Asteroid City  (12A) |Close-Up Film Review

Dir. Wes Anderson, US,2023, 105 mins

Cast:  Jason Schwarzmann, Tom Hanks, Scarlett Johanssen, Bryan Cranston

Review by Carol Allen

Film maker West Anderson does love complicated concepts.   His previous film The French Dispatch took the form of four dramatized articles from a New Yorker style magazine produced in France – which was original but rather easier to get to grips with than Asteroid City.  

Here the concept is a film about a play which is in the process of being written by playwright Conrad Earp  (Edward Norton) and deals with a fictional town in the desert in the fifties, which is renowned for the big crater created by a meteor three thousand years ago.   We are also being taken through the half written play via a tv programme taking place in a theatre with the process being explained by a helpful narrator Bryan Cranston.  Complex or what? 

To whet your appetite though  It does though have an amazingly starry cast – another Anderson trademark.  Jason Schwarzmann, Tom Hanks and Scarlett Johanssen in what could be seen as the leads, with actors such as Willem Dafoe, Mat Dillon, Margot Robbie, Steve Carell, Tilda Swinton, Rupert Friend and others popping up in supporting roles

The main action is set in 1955.  After Cranston introduces the play in a black and white sequence in the deserted theatre, the  play is acted out as  a film in a deliberately artificial film set in the desert.  The somewhat convoluted story deals with a widower, Augie (Schwarzmann), who brings his children and his late wife’s ashes (in a Tupperware box) to an educational space science symposium for juniors taking place in the  strange and remote little community of the title.  

However the military led by Jeffrey Wright are involved in trying to keep it as what appears to be the world’s worst kept secret.  We briefly see a mushroom cloud in the distance.  So are they testing atom bombs ?  Not a great place for a young people’s symposium then.  No, it’s because they are expecting the arrival of an alien in a spaceship, – a rather cute looking animated figure, when he arrives – who removes something from them (the bomb perhaps?) and then flies away. Referencing perhaps those tales of the period about aliens who landed in the desert?

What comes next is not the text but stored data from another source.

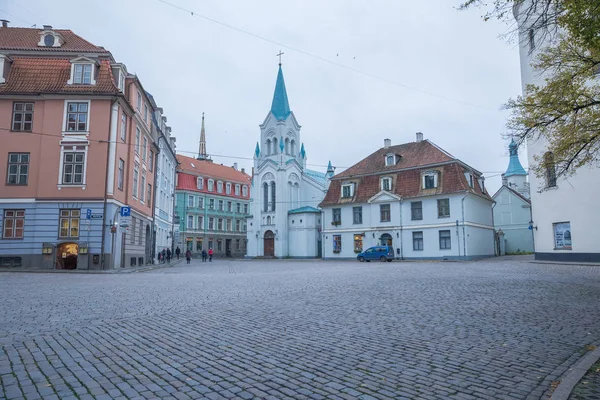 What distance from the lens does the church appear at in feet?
192

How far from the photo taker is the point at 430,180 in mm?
43562

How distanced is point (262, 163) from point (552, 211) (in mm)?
39701

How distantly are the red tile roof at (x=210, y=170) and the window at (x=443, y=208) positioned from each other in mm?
40568

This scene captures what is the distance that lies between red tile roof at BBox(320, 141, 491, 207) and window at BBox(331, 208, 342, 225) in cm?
103

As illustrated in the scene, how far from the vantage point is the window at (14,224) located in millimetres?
26406

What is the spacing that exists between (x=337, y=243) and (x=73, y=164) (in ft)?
102

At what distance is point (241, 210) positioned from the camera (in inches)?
3120

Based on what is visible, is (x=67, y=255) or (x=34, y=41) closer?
(x=67, y=255)

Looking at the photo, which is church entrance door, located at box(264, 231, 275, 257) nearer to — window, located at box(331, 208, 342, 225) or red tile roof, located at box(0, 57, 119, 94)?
window, located at box(331, 208, 342, 225)

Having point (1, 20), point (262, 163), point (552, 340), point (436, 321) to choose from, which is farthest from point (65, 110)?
point (262, 163)

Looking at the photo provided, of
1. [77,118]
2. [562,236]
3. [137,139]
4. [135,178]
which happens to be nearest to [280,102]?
[137,139]

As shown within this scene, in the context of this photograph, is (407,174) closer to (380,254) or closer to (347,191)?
(347,191)

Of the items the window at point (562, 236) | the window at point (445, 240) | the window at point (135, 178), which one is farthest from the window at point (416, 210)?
the window at point (135, 178)

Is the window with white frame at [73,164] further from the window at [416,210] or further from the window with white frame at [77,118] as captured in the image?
the window at [416,210] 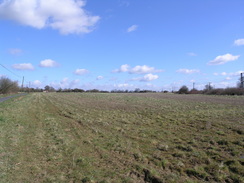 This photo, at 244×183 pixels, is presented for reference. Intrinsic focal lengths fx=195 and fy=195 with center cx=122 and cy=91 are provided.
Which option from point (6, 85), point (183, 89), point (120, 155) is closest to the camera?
point (120, 155)

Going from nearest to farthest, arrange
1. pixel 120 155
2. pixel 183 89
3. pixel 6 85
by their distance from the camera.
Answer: pixel 120 155 < pixel 6 85 < pixel 183 89

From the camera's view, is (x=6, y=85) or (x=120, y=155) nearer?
(x=120, y=155)

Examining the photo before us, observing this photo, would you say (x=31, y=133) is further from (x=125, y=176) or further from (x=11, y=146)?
(x=125, y=176)

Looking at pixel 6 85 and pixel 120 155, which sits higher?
pixel 6 85

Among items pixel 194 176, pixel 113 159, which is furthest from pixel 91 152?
pixel 194 176

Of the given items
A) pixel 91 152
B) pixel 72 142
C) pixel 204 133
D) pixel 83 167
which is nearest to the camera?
pixel 83 167

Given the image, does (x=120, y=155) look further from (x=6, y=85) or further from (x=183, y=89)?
(x=183, y=89)

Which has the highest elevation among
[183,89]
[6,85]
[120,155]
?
[6,85]

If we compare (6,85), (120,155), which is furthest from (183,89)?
(120,155)

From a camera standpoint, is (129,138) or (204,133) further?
(204,133)

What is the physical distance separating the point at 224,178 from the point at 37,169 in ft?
17.6

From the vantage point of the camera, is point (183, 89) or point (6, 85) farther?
point (183, 89)

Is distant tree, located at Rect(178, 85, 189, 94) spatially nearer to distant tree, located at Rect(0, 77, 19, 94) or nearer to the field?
distant tree, located at Rect(0, 77, 19, 94)

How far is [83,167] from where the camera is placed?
5930mm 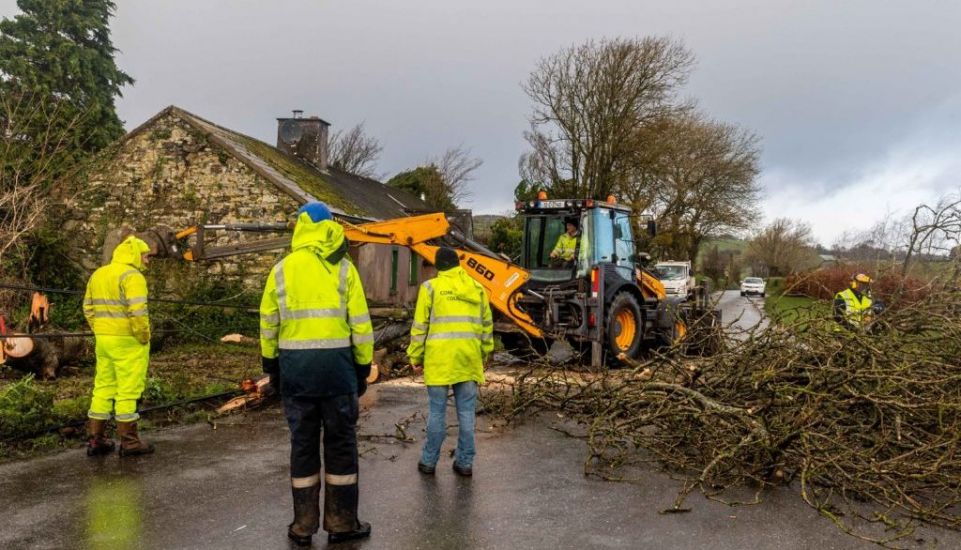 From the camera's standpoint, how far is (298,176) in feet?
61.8

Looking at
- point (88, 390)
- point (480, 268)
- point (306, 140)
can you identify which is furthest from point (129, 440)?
point (306, 140)

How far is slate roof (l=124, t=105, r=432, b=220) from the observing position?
16.6 meters

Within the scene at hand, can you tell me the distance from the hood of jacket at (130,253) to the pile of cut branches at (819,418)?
4284 millimetres

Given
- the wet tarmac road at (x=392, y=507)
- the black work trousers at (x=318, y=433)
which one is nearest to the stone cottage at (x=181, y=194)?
the wet tarmac road at (x=392, y=507)

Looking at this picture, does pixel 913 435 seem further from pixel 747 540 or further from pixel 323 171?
pixel 323 171

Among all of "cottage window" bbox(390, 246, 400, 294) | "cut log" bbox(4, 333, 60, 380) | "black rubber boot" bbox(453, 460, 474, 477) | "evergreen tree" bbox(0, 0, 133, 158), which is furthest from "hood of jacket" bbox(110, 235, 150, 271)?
"evergreen tree" bbox(0, 0, 133, 158)

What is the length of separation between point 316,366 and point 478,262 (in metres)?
7.11

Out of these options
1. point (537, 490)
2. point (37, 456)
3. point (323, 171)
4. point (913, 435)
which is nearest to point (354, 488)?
point (537, 490)

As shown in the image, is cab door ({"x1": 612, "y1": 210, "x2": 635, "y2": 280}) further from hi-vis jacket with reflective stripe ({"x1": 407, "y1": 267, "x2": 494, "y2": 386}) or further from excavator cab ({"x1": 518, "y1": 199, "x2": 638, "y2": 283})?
hi-vis jacket with reflective stripe ({"x1": 407, "y1": 267, "x2": 494, "y2": 386})

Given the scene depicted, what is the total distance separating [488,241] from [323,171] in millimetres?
10239

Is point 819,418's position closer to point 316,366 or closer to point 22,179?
point 316,366

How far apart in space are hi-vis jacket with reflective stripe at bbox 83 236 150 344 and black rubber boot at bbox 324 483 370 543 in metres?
2.81

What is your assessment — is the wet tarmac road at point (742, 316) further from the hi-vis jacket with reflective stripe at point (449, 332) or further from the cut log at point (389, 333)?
the cut log at point (389, 333)

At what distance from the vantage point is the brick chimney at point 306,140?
24641 millimetres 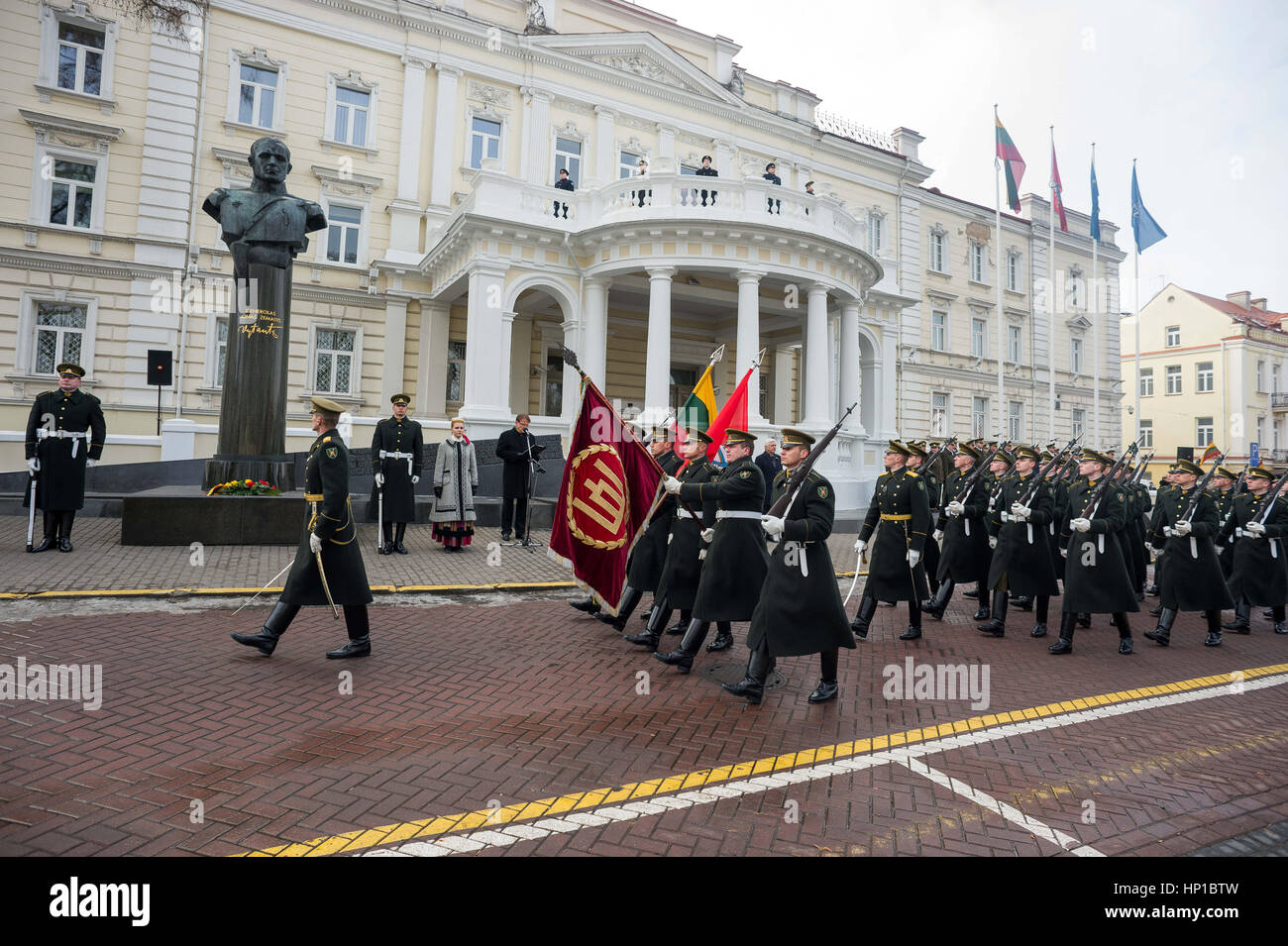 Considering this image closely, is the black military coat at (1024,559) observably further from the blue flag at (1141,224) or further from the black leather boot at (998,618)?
the blue flag at (1141,224)

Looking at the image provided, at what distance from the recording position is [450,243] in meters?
18.2

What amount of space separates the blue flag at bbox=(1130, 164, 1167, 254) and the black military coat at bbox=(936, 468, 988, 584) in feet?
78.1

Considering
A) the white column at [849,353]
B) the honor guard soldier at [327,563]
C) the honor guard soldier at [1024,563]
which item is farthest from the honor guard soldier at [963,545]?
the white column at [849,353]

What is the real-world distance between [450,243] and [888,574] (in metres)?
15.0

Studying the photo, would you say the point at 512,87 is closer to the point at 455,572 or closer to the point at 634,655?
the point at 455,572

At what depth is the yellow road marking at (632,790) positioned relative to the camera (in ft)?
9.52

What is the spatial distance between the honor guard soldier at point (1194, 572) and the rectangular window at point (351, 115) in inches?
863

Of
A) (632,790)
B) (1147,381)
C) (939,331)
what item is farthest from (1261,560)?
(1147,381)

Augie, whose car has died on him and is sitting with many other vehicles in the community’s car cemetery, has summoned his father in law (Tom Hanks) to get the family home.   Augie also fancies movie star Midge (Johanssen) who is there with her daughter but he doesn’t really get very far with her.  And every so often we cut back to New York and the theatre, where the writer and the actors, who are playing the characters in the film that is actually a play (are you still with me?) are struggling, not surprisingly, with the complicated story,  while the supposed whiz kid theatre director (Adrien Brody) is contributing sweet Fanny Adams to the proceedings.  Confused?  Yes, I was a bit.

The film however looks delicious.   The bright candy colours of the deliberately fragile looking sets – the gas station, the luncheonette and the rest – are well contrasted with the grainy black and white of the theatre sequences.   There are also some brilliant comic moments, such as when a pretty schoolteacher’s cowboy suitor (Rupert Friend) summons his chums for an unexpected hoe-down or when Cranston suddenly finds himself in a technicolour shot in the desert, where he has no business being.  And the arrival of the alien ship with its echoes of  Close Encounters is fun, though actor Jeff Goldblum, credited with the role, is certainly is not inside that skinny animation.

If you are a Wes Anderson fan you may well love this for its sheer wackiness and imagination.   If not however, you could find its lack of narrative clarity a teensy bit irritating.